Your answer must be an exact transcription of every record.

> Exercise inputs:
*** Begin section ***

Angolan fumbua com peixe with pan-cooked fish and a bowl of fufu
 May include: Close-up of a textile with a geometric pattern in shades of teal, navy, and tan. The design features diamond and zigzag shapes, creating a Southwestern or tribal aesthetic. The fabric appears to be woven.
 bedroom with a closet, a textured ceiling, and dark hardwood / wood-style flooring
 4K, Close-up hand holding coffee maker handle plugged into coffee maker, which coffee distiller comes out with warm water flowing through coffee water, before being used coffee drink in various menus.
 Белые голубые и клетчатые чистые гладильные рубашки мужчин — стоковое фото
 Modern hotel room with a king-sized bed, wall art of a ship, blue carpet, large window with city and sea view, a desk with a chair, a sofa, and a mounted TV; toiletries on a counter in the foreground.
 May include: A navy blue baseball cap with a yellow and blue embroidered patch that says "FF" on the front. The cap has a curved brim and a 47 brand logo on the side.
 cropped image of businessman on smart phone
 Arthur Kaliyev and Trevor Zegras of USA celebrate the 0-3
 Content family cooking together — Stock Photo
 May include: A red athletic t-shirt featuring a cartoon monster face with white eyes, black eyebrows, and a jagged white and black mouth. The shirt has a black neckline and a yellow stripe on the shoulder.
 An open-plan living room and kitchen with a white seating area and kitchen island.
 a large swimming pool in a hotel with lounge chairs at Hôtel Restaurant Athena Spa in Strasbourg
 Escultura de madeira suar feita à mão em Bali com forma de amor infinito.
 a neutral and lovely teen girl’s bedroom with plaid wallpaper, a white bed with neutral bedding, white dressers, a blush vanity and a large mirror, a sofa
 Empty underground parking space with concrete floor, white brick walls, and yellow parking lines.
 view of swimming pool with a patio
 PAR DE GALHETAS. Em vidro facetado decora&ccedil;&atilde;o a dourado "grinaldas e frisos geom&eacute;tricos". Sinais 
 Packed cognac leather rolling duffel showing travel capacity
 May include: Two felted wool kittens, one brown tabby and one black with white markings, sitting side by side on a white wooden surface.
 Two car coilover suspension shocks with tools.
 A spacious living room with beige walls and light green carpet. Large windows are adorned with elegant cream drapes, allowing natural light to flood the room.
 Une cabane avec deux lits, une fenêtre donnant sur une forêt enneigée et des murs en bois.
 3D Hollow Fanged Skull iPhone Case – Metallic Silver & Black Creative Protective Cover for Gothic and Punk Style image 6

*** End section ***

> Task solution:
Angolan fumbua com peixe with pan-cooked fish and a bowl of fufu
 May include: Close-up of a textile with a geometric pattern in shades of teal, navy, and tan. The design features diamond and zigzag shapes, creating a Southwestern or tribal aesthetic. The fabric appears to be woven.
 bedroom with a closet, a textured ceiling, and dark hardwood / wood-style flooring
 4K, Close-up hand holding coffee maker handle plugged into coffee maker, which coffee distiller comes out with warm water flowing through coffee water, before being used coffee drink in various menus.
 Белые голубые и клетчатые чистые гладильные рубашки мужчин — стоковое фото
 Modern hotel room with a king-sized bed, wall art of a ship, blue carpet, large window with city and sea view, a desk with a chair, a sofa, and a mounted TV; toiletries on a counter in the foreground.
 May include: A navy blue baseball cap with a yellow and blue embroidered patch that says "FF" on the front. The cap has a curved brim and a 47 brand logo on the side.
 cropped image of businessman on smart phone
 Arthur Kaliyev and Trevor Zegras of USA celebrate the 0-3
 Content family cooking together — Stock Photo
 May include: A red athletic t-shirt featuring a cartoon monster face with white eyes, black eyebrows, and a jagged white and black mouth. The shirt has a black neckline and a yellow stripe on the shoulder.
 An open-plan living room and kitchen with a white seating area and kitchen island.
 a large swimming pool in a hotel with lounge chairs at Hôtel Restaurant Athena Spa in Strasbourg
 Escultura de madeira suar feita à mão em Bali com forma de amor infinito.
 a neutral and lovely teen girl’s bedroom with plaid wallpaper, a white bed with neutral bedding, white dressers, a blush vanity and a large mirror, a sofa
 Empty underground parking space with concrete floor, white brick walls, and yellow parking lines.
 view of swimming pool with a patio
 PAR DE GALHETAS. Em vidro facetado decora&ccedil;&atilde;o a dourado "grinaldas e frisos geom&eacute;tricos". Sinais 
 Packed cognac leather rolling duffel showing travel capacity
 May include: Two felted wool kittens, one brown tabby and one black with white markings, sitting side by side on a white wooden surface.
 Two car coilover suspension shocks with tools.
 A spacious living room with beige walls and light green carpet. Large windows are adorned with elegant cream drapes, allowing natural light to flood the room.
 Une cabane avec deux lits, une fenêtre donnant sur une forêt enneigée et des murs en bois.
 3D Hollow Fanged Skull iPhone Case – Metallic Silver & Black Creative Protective Cover for Gothic and Punk Style image 6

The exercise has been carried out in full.